The most common application of binary search is to find a specific value in a sorted list. To cast this in the frame of the guessing game (see Example below), realize that we now guess the index, or numbered place, of the value in the list. This is useful because, given the index, other data structures will contain associated information. Suppose a data structure containing the classic collection of name, address, telephone number and so forth has been accumulated, and an array is prepared containing the names, numbered from one to N. A query might be: what is the telephone number for a given name X. To answer this the array would be searched and the index (if any) corresponding to that name determined, whereupon it would be used to report the associated telephone number and so forth. Appropriate provision must be made for the name not being in the list (typically by returning an index value of zero), indeed the question of interest might be only whether X is in the list or not.

If the list of names is in sorted order, a binary search will find a given name with far fewer probes than the simple procedure of probing each name in the list, one after the other in a linear search, and the procedure is much simpler than organizing a hash table though once created, searching with a hash table may well be faster, typically averaging just over one probe per lookup. With a non-uniform distribution of values, if it is known that some few items are much more likely to be sought for than the majority, then a linear search with the list ordered so that the most popular items are first may do better than binary search. However, the choice of the best method may not be immediately obvious. If, between searches, items in the list are modified or items are added or removed, maintaining the required organisation may consume more time than the searches.

The binary search begins by comparing the sought value X to the value in the middle of the list; because the values are sorted, it is clear whether the sought value would belong before or after that middle value, and the search then continues through the correct half in the same way. Only the sign of the difference is inspected: there is no attempt at an interpolation search based on the size of the differences.

Contents

[edit] The method

In order to discuss the method in detail, a more formal description is necessary. The basic idea is that there is a data structure represented by array A in which individual elements are identified as A(1), A(2),...,A(N) and may be accessed in any order. The data structure contains a sub-element or data field called here Key, and the array is ordered so that the successive values A(1).Key ≤ A(2).Key and so on. Such a key might be a name, or it might be a number. The requirement is that given some value x, find an (not necessarily the one and only) index p such that A(p).Key = x.

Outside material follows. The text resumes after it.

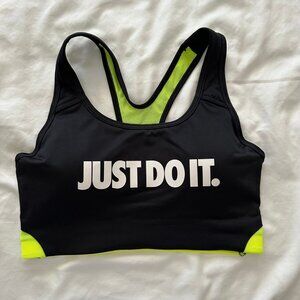 Nike Sports Bra Medium With Pads Workout Gym Clothing Black Neon Top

To begin with, the span to be searched is the full supplied list of elements, as marked by variables L and R, and their values are changed with each iteration of the search process, as depicted by the flowchart. Note that the division by two is integer division, with any remainder lost, so that 3/2 comes out as 1, not 1½. The search finishes either because the value has been found, or else, the specified value is not in the list.

[edit] That it works

The method relies on and upholds the notion If x is to be found, it will be amongst elements (L + 1) to (R - 1) of the array.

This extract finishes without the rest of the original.